§ **Activity**
Each line of the material must be repeated precisely, with the pictures left out.

§ **Data extract**
⟨

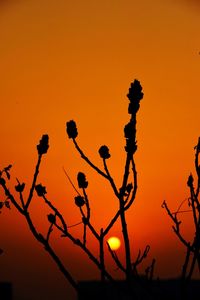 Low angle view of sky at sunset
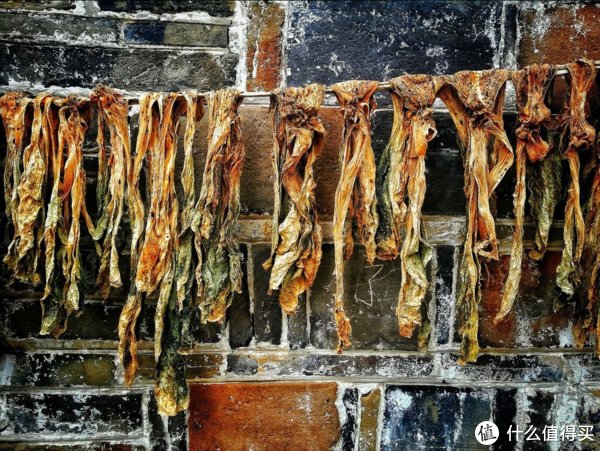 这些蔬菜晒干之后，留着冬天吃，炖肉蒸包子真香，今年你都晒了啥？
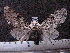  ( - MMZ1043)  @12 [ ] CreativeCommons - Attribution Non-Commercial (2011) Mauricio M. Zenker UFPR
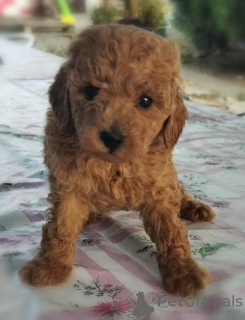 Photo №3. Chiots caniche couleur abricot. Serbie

⟩

§ **Exercise response**
 Low angle view of sky at sunset
 这些蔬菜晒干之后，留着冬天吃，炖肉蒸包子真香，今年你都晒了啥？
  ( - MMZ1043)  @12 [ ] CreativeCommons - Attribution Non-Commercial (2011) Mauricio M. Zenker UFPR
 Photo №3. Chiots caniche couleur abricot. Serbie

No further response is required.